Specification produced by the Multicore Association

The Multicore Communications API (MCAPI) is the first specification to be produced by the Multicore Association. MCAPI provides a standardized API for communication and synchronization between closely distributed (multiple cores on a chip and/or chips on a board) embedded systems.

==Overview==
MCAPI is a language-independent, processor and operating system agnostic communications protocol used to program multi-core devices. MCAPI provides three modes of communication: messages, packets, and scalars. MCAPI is a message-passing application programmer interface, together with protocol and semantic specifications for how its features must behave in any implementation. The primary goals for any MCAPI implementation are extremely high performance and low memory footprint.

MCAPI traces its heritage to communications APIs such as MPI and Berkeley sockets. Both MPI and sockets were developed primarily with inter-computer communication in mind, while MCAPI is targeted primarily towards inter-core communication in a multicore chip. Accordingly, a principal design goal of MCAPI was to serve as a low-latency interface leveraging efficient on-chip interconnect in a multicore chip. However, because of the more limited scope of multicore communications and its goal of low latency, MCAPI is less flexible than MPI or Sockets.

==MCAPI Communication Modes==
MCAPI provides three modes of communication:
1. messages – connection-less datagrams. Messages are intended to be flexible with respect to payload, dynamically changing receivers and priorities and configuration effort, although at a slight performance penalty.
2. packets – connection-oriented, arbitrary size, uni-directional, and FIFO streams. Packets are intended to be flexible with respect to payload, providing higher performance than messages at the expense of configuration effort.
3. scalars – connection-oriented, fixed size, uni-directional, and FIFO streams. Scalars are intended to be the highest performance communications mode, albeit at the expense of payload flexibility and configuration effort.

== MCAPI Compared to MPI ==
MCAPI is focused purely on embedded communications, and adds the ideas of messages, packets, and scalars + connected channels. This allows MCAPI to support various quality of service, where connected channels may exploit underlying embedded hardware. Furthermore MCAPI supports various kinds of priorities, messages can have a per message priority and channels can be treated as having different priorities as well, allowing implementations to map some or all channels to dedicated hardware. MCAPI can also support zero-copy via assigning attributes to connected channels.

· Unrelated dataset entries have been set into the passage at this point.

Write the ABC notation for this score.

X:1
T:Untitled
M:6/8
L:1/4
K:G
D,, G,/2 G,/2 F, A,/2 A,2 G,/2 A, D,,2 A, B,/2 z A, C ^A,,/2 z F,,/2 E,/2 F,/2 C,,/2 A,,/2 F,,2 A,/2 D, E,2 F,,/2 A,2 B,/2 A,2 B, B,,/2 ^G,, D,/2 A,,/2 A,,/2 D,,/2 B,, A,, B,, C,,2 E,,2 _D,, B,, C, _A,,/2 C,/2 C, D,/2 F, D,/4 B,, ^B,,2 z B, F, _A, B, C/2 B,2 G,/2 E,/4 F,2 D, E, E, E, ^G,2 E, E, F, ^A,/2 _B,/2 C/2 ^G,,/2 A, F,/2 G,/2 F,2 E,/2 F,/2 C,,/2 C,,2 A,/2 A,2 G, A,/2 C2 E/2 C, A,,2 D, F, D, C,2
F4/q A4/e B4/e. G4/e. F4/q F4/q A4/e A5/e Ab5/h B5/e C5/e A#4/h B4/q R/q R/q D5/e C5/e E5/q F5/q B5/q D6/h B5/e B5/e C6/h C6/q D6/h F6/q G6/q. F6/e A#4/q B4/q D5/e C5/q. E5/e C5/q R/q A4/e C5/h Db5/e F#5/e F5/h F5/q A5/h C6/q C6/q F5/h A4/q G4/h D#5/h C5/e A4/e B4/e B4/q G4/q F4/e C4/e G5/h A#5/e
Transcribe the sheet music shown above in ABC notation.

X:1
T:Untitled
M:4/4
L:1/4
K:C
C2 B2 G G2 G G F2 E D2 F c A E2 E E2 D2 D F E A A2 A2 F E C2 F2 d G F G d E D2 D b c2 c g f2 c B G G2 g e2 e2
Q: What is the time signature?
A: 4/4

Other big differences include:
- MCAPI has no language binding for FORTRAN since this is not commonly found in embedded systems.
- MCAPI does not support collective communications as in MPI. This allows MCAPIv to have a smaller implementation.
- MCAPI does not have the concepts of groups.
- MCAPI does not have any synchronization methods as in MPI, no barriers, no fences, no locks.
- MCAPI has no file objects or any functions associated with them.
- MCAPI has no model for creation or management of processes.